Glückskunde für Erwachsene

Eine kleine „Glückskunde für Erwachsene“ findet sich im zweiten Teil des Buches, die mithilfe vieler kleiner Beispiele leicht erklärt, wie Glück entsteht. Und so erfährt die Leserin bzw. der Leser, dass die Netzwerke und Verschaltungen im Gehirn sich erst im Laufe seiner Herausbildung individuell angelegen und stabilisieren. Was Menschen glücklich macht oder was als Glück individuell bewertet wird, hängt nämlich entscheidend von den Erfahrungen ab.

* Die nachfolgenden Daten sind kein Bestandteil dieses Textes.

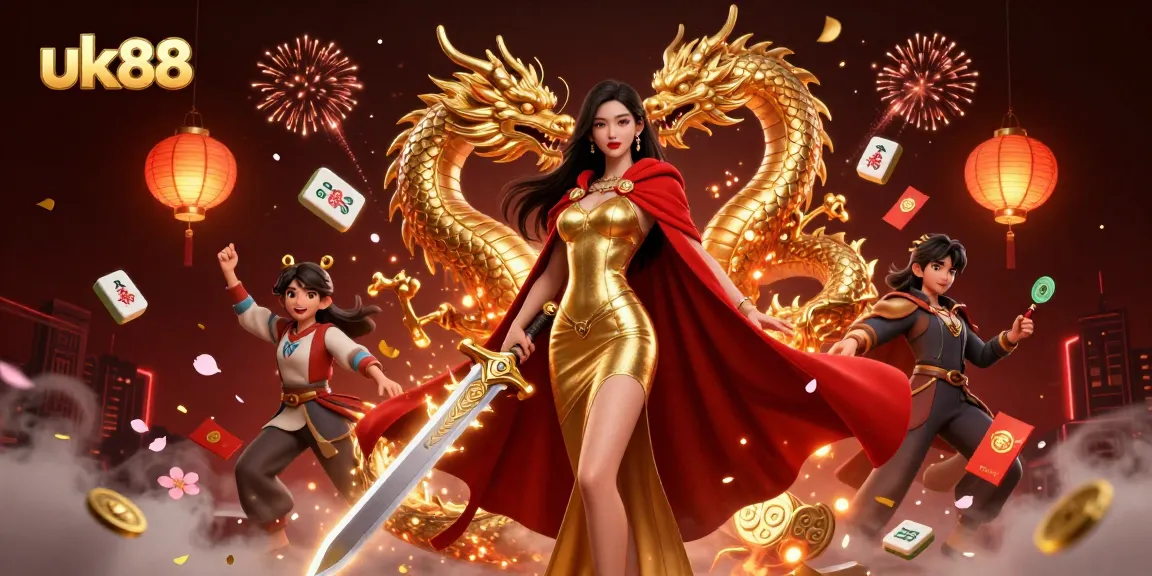 Experience thrilling gameplay at uk88, where fortune awaits with golden treasures and vibrant action.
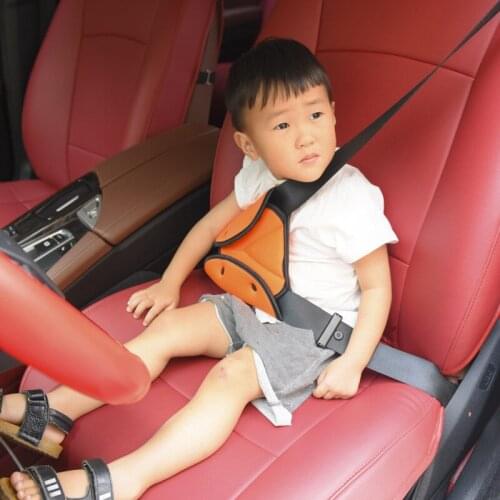Home Accessories Triangles Car Safety Seat Belt Cover Adjust Protector Shoulder Harness Strap Cover For Kids Adults Tools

Wir entwickeln also zum Beispiel mit sicheren emotionalen Bindungen oder auch trennenden Enttäuschungen, mit dem „Vorbild“ erstrebenswerter Werte oder auch negativer Erlebnisse im Gehirn die ureigene Vorstellung von Glück. Die Autoren betonen, dass das Gehirn allerdings „zeitlebens lernfähig“ und „ständig im Umbau ist“, sodass auch schlechte Erfahrungen nicht für immer eingebrannt sind, sondern mit entsprechenden Perspektivwechseln positiv verändert werden können.

Allerdings, so Hüther und Michels, gibt es einen wesentlichen Auslöser für Glück, und das ist nicht nur der Mix aus schönen und schlechten Erfahrungen, sondern auch das Zusammenspiel mit anderen Menschen:

„Wenn wir (…) auf diesem Planeten überleben wollen, müssen wir lernen, unser Zusammenleben konstruktiver als bisher zu gestalten: miteinander statt gegeneinander, verbinden statt trennend, achtsam statt rücksichtslos.“

Und: „Wir müssen selbst herausfinden, worauf es im Leben ankommt und wie es gelingen kann, ein glücklicher Mensch zu werden.“

Es genügt also nicht, dass wir unreflektiert die Erfahrungen anderer in unser Bewusstsein implementieren und diese dann gar nicht selbst zu machen brauchen, denn „auf dieser (eigenen) Suche „lernen wir, wie etwas geht, aber auch, wie etwas nicht geht“. Ein hervorragendes Potenzial für das Nicht-glücklich-sein ist auch eine Art Stillstand, ein Beharren auf bereits gemachte Erfahrungen bzw. der Unwille, sich auf neue, vielleicht abenteuerliche Erfahrungen, einzulassen: „Statt mit unseren Vorstellungen, müssen wir uns wieder mit unserer eigenen Lebendigkeit verbinden, mit unserer Entdeckerfreude und Gestaltungslust.“

„Deshalb“, so die Autoren, „sind Kinder glücklicher als (die meisten) Erwachsenen, jedenfalls so lange, bis sie beim Hineinwachsen in die Lebenswelt, die wir für sie als Erwachsene gestalten, immer deutlicher erfahren, wie schwer es ist, dazugehören zu dürfen, ohne sich dafür verbiegen oder gar selbst verleugnen zu müssen.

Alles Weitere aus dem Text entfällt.